§ **About this exercise**:
Reproduce, unchanged, the lines between the one holding "main product view" and the last line of the records, including both ends, but no pictures.

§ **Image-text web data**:
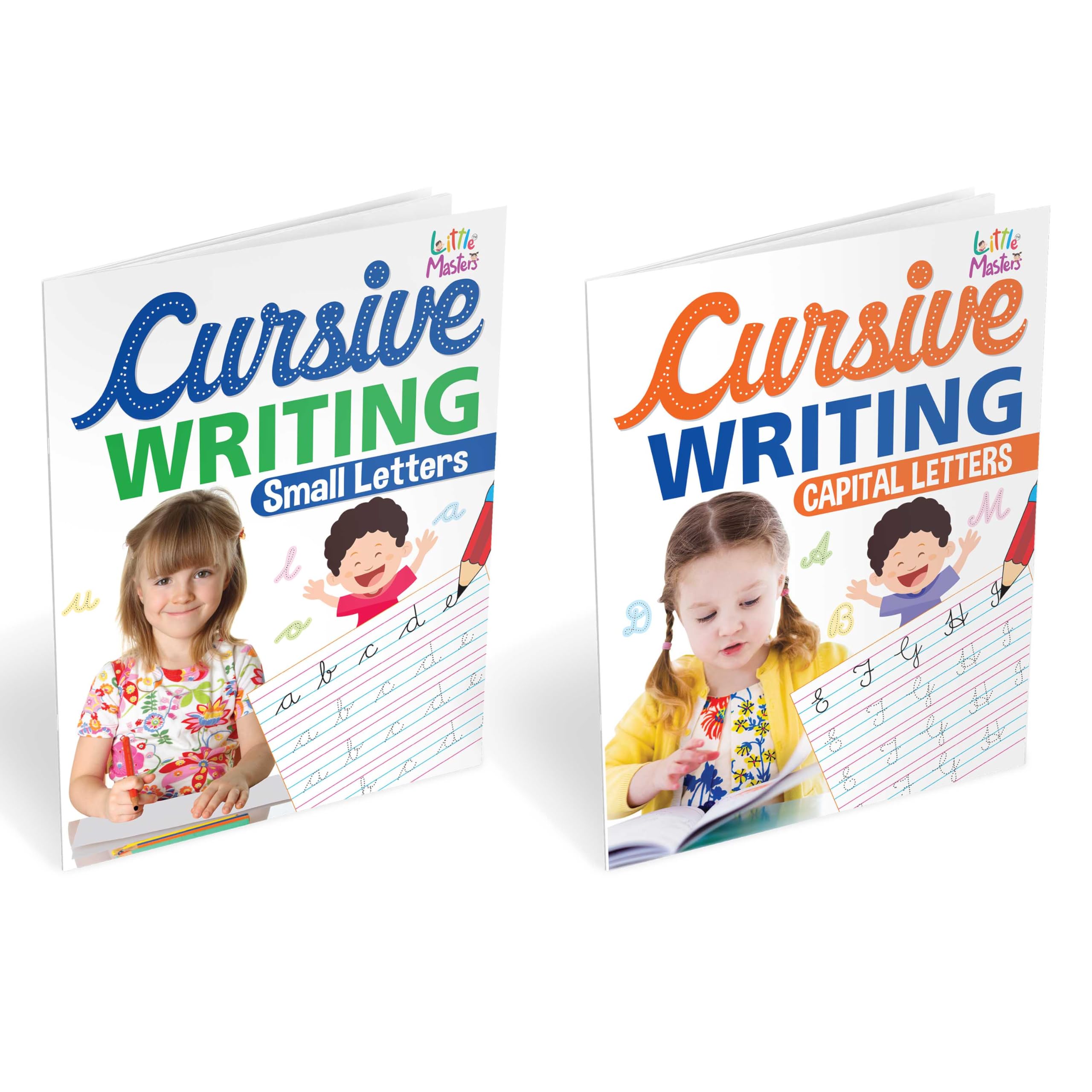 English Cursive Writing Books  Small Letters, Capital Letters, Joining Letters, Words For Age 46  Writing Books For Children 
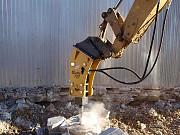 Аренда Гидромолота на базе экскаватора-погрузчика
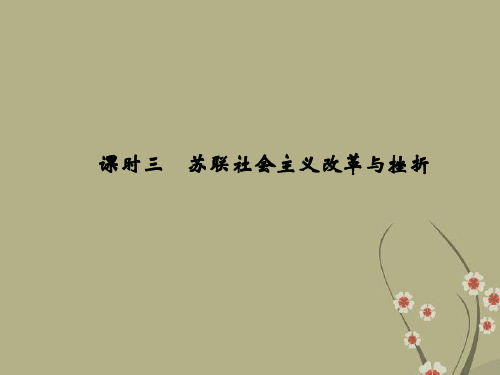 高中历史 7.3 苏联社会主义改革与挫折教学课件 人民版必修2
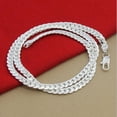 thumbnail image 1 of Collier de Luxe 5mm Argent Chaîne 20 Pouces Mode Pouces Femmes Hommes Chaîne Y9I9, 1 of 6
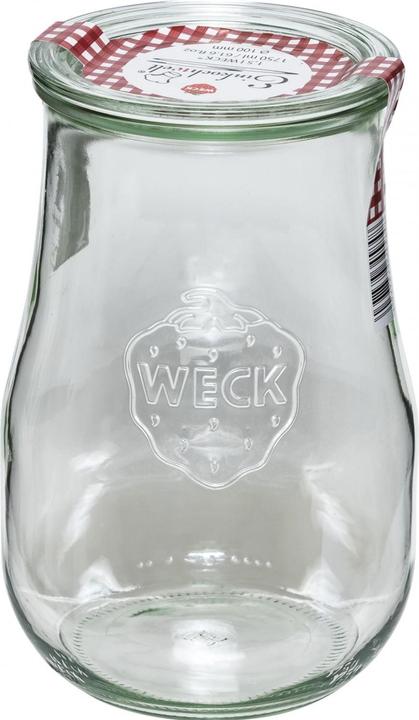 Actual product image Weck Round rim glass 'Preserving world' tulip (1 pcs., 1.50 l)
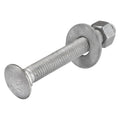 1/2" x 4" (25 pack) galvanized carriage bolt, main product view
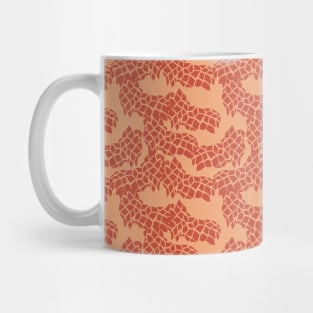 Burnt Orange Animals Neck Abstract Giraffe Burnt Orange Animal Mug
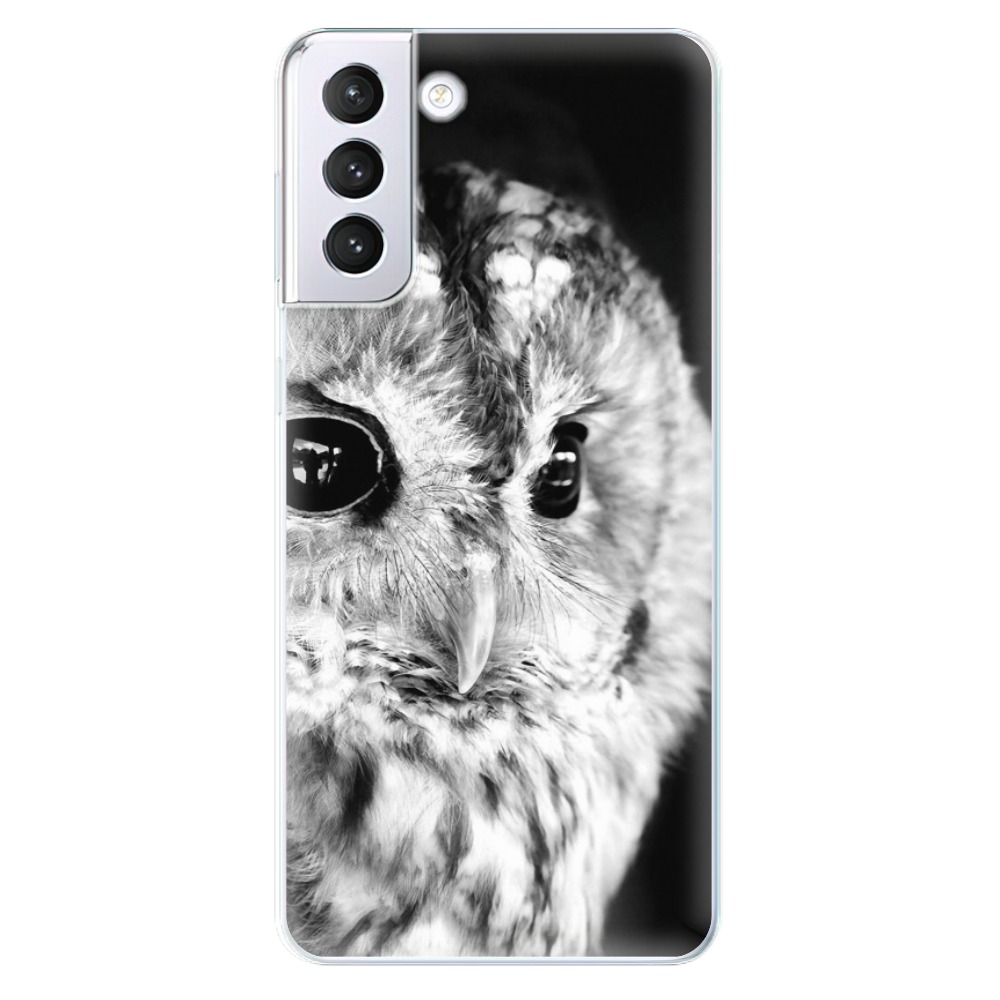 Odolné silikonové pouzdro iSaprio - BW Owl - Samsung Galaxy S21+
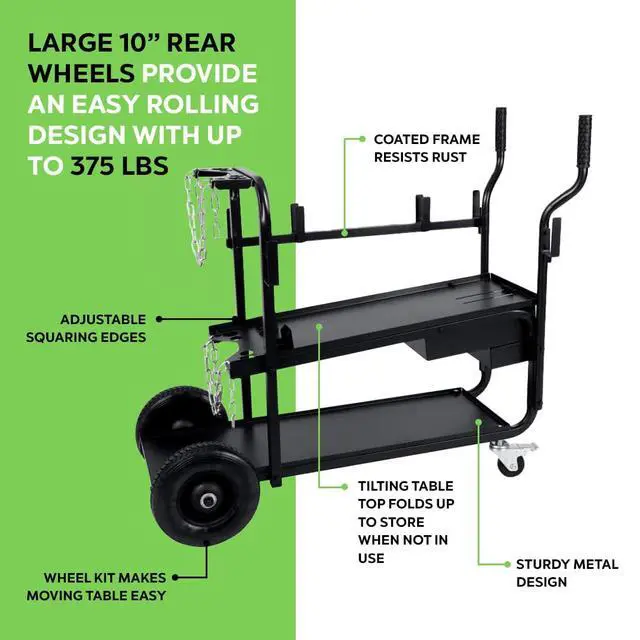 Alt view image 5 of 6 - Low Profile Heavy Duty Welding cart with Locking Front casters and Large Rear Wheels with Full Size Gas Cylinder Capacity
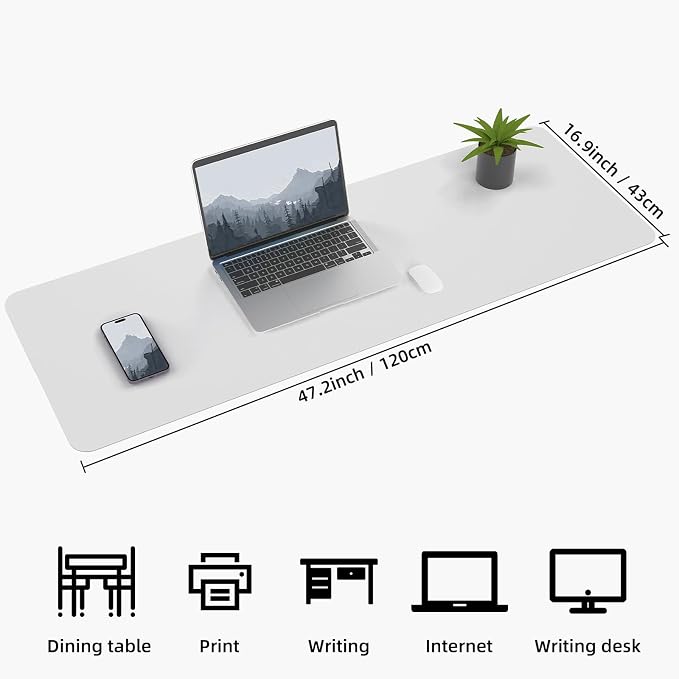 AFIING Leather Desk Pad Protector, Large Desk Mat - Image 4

§ **Solution for this task**:
 1/2" x 4" (25 pack) galvanized carriage bolt, main product view
 Burnt Orange Animals Neck Abstract Giraffe Burnt Orange Animal Mug
 Odolné silikonové pouzdro iSaprio - BW Owl - Samsung Galaxy S21+
 Alt view image 5 of 6 - Low Profile Heavy Duty Welding cart with Locking Front casters and Large Rear Wheels with Full Size Gas Cylinder Capacity
 AFIING Leather Desk Pad Protector, Large Desk Mat - Image 4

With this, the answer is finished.